MR. FISCHER: I think I knew for a long time that 10 years was a very long time on this job. There is a sort of trade-off that takes place over time. You become more experienced and I think you lose a little bit of the excitement and the edge, and I prefer to leave when I think the trade-off is very favorable, at a moment when I have a sense, but of course it's my sense, not other people's sense, that the benefits of the experience are outweighing the fact that when I see a crisis I now realize it's my ninth crisis, and not the first, and you learn a lot in the course of those crises.
On the qualities of my successor, I think that this job can be done many different ways. It is probably not the best thing for anybody to choose his or her successor. It is almost certainly not the best thing for anybody to specify what his or her successor should be like. The Managing Director will make that choice, and I've seen in my previous existence in academic life a person of one sort replaced by somebody totally different, thinking goodness what were they thinking of, then seeing three years later, what a brilliant idea that was. I don't think one should think of cloning people, and everybody will do the job differently, and there are many ways to do it.

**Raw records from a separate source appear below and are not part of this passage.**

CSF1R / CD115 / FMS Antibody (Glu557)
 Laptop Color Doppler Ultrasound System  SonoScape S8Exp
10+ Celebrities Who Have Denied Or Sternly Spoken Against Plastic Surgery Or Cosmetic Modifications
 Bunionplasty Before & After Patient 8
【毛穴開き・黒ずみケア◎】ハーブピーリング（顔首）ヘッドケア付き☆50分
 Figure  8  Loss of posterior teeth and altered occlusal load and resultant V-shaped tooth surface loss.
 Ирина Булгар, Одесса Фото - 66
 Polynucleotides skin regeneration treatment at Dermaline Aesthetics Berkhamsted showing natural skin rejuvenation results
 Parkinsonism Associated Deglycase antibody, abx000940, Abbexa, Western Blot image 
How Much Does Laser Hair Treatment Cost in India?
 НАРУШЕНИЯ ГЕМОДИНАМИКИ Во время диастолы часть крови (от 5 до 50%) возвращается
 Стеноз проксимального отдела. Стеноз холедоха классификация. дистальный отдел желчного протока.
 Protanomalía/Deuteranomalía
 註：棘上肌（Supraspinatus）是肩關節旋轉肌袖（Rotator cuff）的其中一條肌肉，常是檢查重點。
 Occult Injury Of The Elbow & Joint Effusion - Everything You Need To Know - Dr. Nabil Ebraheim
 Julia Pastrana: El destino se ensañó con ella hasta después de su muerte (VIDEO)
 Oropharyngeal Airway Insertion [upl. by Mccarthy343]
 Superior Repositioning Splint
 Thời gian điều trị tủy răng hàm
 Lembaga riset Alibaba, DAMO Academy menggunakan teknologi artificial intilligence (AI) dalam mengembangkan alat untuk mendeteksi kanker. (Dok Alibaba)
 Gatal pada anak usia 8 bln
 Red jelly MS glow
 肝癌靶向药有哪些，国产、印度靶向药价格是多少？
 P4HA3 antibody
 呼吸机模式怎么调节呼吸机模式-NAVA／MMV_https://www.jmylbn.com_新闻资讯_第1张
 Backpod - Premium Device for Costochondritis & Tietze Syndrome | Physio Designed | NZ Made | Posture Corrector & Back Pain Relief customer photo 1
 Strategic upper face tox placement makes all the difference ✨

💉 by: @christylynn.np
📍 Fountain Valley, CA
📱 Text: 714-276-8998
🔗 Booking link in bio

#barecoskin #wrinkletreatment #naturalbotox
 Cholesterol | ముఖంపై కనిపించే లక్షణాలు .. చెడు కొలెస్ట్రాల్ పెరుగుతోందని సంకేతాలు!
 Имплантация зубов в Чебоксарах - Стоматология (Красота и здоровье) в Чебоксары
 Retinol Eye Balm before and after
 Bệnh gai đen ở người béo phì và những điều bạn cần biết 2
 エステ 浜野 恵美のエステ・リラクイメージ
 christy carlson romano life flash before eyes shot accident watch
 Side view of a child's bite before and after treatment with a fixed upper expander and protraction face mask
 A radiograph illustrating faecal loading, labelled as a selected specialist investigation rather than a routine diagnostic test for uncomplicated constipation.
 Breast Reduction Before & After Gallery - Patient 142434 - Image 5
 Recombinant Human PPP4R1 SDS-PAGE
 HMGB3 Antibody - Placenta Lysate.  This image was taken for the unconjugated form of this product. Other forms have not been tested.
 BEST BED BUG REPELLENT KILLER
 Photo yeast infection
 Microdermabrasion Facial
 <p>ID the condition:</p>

Let me, before we conclude, just say a word to you. I was warned about the press before coming to Washington. I don't want to make you feel too good, but the truth is that I think that the experience I've had with the press has been really extraordinary, extraordinarily kind, extraordinarily professional. I hardly ever in seven years regretted anything I've said or the way I've been treated by any of you, and I hope that the relationship which I've had with you is one which can continue for my successor and for this institution.
We have come a long way in our openness, in our willingness to talk. I think it's wholly to the good, and I think what you have done in enabling us to get on the record when we should be on the record and sometimes getting us on the record when we should have been but weren't willing to be has been one of the best parts of this job. So thank you, too, for all that has gone on in this period. Thank you.